Clearly Strindberg includes social class as an integral part in his formulation of theatre; much of the conflict in
Miss Julie derives from the difference in the characters' caste and social programming. Given Strindberg's notorious misogyny, much focus tends to fall on the gender conflict (what has sometimes been dubbed "the war between the sexes") in the play, but rank and social status are absolutely inextricable from its structure.

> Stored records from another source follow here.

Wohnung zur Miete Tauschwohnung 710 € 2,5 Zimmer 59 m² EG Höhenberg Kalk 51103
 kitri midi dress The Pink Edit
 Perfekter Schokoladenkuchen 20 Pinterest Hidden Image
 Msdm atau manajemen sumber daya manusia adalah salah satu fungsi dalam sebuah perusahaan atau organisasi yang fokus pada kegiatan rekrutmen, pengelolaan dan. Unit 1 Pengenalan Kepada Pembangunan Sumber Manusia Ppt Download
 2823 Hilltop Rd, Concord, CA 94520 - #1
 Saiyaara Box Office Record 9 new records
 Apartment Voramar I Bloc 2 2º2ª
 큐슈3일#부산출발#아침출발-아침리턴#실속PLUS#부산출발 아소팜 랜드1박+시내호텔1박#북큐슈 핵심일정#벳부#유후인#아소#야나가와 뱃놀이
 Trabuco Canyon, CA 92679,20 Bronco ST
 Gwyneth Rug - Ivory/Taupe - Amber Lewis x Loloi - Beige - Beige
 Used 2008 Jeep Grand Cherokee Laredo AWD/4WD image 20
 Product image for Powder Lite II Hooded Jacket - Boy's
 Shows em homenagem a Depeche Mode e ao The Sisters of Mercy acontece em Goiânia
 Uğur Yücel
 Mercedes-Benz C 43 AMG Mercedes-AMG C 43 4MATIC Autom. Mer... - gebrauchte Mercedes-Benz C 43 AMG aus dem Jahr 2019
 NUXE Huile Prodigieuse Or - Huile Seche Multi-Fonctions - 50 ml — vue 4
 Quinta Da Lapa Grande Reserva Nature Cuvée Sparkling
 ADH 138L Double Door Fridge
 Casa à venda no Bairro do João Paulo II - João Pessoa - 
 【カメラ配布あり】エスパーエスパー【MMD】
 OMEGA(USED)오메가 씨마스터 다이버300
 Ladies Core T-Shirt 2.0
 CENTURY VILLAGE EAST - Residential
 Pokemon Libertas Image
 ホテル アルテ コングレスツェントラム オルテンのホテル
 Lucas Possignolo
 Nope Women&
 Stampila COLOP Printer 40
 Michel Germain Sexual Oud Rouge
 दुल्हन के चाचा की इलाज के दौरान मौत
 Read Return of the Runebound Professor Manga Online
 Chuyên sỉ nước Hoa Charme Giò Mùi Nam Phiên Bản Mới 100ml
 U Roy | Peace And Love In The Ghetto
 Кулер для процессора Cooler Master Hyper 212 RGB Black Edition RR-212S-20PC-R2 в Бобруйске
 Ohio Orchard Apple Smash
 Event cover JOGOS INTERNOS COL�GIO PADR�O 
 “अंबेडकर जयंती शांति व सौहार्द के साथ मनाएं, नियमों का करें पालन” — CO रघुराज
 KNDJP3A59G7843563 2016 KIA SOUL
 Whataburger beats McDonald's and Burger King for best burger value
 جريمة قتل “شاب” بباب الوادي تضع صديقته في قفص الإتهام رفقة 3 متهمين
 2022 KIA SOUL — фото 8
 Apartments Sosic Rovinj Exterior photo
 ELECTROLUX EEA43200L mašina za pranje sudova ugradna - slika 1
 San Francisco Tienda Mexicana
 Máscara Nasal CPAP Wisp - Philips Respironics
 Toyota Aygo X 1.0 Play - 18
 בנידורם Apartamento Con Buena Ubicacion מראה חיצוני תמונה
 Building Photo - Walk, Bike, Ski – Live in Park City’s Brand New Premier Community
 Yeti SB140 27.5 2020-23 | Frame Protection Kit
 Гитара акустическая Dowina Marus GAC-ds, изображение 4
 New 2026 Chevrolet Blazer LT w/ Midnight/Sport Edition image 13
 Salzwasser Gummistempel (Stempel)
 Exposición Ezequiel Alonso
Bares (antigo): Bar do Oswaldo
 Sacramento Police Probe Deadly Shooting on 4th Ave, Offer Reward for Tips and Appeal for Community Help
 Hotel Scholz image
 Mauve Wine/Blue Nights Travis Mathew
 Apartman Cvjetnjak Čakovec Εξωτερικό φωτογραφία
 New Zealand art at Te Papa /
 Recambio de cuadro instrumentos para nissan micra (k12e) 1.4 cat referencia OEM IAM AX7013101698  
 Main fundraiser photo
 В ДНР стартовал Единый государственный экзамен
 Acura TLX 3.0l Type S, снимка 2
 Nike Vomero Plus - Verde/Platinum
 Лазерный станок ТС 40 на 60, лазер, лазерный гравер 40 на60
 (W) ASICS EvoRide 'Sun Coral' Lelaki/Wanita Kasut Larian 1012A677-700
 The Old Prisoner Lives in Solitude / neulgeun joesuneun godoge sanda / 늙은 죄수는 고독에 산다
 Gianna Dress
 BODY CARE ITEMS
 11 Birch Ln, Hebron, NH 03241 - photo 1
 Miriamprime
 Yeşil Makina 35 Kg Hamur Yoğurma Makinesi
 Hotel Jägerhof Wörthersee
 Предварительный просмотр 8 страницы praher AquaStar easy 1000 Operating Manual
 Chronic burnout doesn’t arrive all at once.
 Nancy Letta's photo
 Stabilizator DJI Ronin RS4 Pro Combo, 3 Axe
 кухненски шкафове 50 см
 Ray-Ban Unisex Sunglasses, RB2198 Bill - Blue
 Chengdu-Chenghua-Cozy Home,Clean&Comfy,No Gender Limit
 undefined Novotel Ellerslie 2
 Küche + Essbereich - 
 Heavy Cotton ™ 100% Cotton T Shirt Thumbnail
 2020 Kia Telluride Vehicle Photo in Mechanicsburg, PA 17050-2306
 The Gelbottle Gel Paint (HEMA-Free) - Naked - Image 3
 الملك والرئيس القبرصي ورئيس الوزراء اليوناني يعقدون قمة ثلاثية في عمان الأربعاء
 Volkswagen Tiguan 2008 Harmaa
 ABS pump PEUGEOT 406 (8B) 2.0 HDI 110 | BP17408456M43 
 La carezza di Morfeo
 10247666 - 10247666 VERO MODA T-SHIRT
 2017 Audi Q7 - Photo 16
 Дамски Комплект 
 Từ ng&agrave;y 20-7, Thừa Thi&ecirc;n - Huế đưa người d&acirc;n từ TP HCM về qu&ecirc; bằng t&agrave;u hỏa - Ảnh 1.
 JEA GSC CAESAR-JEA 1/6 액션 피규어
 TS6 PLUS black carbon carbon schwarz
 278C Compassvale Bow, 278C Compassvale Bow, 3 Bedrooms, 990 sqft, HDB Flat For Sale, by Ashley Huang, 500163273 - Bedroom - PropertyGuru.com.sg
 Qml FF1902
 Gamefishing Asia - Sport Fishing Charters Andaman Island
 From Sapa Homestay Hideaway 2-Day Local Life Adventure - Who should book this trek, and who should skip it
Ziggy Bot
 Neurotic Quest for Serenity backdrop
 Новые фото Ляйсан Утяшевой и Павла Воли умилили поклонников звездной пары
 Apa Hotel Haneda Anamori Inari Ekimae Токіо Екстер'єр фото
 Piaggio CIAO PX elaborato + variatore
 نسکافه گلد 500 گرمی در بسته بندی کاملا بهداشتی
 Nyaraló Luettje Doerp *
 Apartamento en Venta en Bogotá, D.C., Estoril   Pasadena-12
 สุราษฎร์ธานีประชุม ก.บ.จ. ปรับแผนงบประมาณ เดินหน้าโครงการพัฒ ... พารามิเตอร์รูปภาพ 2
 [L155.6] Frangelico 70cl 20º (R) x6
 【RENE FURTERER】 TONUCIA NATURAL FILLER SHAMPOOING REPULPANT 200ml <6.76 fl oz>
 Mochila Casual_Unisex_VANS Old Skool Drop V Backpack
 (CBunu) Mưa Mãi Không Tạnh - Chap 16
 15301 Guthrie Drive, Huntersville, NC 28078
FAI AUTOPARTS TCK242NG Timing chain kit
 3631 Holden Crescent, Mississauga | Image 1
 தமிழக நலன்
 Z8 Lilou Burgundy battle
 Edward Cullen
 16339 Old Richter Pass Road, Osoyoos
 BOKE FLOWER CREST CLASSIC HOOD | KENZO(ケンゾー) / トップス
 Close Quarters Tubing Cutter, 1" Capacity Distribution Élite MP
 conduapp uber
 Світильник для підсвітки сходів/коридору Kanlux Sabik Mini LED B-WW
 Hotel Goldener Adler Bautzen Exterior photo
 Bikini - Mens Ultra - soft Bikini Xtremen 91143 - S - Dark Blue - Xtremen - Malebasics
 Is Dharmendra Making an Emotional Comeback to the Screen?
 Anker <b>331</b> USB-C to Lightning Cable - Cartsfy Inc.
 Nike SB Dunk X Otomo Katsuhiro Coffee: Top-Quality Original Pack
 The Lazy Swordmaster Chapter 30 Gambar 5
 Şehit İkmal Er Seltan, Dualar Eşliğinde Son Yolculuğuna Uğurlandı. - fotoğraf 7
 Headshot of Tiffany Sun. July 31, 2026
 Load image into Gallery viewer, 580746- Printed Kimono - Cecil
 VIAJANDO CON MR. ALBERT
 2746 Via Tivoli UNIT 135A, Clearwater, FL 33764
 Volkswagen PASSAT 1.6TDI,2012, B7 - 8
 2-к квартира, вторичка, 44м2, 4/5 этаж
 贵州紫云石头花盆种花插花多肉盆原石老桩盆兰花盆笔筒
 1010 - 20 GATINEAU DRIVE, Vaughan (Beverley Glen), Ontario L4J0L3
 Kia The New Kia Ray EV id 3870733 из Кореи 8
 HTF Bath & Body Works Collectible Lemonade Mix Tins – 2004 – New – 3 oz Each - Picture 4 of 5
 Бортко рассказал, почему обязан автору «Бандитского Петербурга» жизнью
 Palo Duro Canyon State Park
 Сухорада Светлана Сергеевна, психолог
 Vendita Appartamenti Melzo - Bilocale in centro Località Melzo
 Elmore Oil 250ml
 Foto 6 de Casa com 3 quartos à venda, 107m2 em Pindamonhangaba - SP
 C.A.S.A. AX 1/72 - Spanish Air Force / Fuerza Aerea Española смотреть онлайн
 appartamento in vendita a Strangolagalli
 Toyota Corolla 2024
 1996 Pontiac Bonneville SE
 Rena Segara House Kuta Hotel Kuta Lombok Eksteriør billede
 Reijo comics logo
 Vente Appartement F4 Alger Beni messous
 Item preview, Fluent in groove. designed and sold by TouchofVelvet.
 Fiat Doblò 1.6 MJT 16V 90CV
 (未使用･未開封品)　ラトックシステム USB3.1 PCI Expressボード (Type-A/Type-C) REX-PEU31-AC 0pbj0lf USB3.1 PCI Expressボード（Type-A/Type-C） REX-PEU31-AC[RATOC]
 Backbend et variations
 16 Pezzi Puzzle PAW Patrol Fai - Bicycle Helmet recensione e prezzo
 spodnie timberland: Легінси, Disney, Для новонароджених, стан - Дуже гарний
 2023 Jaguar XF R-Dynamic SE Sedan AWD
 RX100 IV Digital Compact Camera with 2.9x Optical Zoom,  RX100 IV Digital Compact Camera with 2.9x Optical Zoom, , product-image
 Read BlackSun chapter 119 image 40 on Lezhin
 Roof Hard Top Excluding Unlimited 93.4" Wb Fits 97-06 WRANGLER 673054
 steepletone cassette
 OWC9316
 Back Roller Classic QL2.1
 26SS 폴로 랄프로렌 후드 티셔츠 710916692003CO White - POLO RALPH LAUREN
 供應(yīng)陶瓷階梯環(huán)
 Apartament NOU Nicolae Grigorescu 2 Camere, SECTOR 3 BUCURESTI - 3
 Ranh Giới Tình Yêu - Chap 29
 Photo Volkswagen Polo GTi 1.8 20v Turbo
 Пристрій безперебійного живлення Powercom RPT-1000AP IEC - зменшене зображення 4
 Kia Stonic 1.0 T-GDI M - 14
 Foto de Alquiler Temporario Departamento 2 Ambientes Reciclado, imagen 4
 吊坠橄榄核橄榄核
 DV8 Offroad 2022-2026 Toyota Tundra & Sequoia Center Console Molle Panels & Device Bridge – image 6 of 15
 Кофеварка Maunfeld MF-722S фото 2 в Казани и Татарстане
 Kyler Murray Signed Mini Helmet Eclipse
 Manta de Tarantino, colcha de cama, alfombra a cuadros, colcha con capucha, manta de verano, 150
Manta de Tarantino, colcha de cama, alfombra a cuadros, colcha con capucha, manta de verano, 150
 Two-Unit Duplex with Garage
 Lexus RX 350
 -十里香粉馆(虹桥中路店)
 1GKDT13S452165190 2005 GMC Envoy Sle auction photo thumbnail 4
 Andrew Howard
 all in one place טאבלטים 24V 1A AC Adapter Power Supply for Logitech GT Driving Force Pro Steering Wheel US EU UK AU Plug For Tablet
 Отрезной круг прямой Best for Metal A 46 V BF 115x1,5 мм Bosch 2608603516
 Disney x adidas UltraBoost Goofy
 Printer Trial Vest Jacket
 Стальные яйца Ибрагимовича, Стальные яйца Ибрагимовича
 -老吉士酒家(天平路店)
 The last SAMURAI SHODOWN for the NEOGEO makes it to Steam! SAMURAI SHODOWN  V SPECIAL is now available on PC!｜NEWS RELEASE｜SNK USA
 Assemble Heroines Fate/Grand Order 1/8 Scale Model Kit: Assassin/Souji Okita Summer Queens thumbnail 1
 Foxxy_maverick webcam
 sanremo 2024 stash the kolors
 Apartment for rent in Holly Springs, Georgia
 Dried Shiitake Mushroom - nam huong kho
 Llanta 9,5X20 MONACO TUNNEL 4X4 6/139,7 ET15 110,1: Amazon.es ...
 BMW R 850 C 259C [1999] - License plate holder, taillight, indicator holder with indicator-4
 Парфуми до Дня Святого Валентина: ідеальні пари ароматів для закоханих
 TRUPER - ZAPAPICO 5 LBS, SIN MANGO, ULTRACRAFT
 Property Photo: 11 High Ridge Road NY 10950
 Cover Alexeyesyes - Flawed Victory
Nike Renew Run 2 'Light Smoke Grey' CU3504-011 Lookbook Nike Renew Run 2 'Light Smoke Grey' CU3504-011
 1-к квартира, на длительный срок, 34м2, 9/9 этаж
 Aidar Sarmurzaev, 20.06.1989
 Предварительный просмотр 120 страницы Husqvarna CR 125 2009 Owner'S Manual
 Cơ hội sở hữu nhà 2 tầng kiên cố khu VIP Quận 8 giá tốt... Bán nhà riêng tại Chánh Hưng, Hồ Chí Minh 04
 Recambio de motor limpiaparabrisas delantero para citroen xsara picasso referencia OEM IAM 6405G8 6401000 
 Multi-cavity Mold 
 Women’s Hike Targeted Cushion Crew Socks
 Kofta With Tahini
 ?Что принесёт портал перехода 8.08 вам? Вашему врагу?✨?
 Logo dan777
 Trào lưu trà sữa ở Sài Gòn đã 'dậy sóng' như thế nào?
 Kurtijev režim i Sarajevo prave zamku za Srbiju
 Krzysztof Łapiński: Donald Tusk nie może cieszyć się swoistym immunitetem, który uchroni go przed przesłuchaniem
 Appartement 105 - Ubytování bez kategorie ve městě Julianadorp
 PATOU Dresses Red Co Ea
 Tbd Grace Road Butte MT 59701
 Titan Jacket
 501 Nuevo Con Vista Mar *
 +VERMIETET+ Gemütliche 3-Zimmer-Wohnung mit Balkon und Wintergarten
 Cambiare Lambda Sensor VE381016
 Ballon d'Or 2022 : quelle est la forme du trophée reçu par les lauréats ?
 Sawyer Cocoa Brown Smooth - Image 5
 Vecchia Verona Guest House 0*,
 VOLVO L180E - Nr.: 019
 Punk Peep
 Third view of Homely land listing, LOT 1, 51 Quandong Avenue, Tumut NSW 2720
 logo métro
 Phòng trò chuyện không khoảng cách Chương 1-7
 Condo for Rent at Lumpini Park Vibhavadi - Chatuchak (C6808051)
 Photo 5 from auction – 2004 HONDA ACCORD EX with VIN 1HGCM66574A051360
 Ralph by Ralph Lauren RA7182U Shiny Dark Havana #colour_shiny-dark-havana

Here are some questions to ponder for our discussion (whether you choose to meditate upon them is up to you):
Miss Julie was written for a society transforming rapidly - within the span of a single generation - from a highly demarcated, aristocratic structure, under the influence of democratization, political liberalization, and industrialization. What conflicts and tensions does the play bring to light?
How does this play appeal to different audiences? Given Strindberg's comments in the Preface, for whom has the play been built, and how? To whom does it speak, and on what levels?
Realism and Naturalism have often been touted as marking the democratization of theatre. Does Levine's argument regarding Shakespeare's removal from popular American culture cast any doubt on this narrative, or does it reinforce it?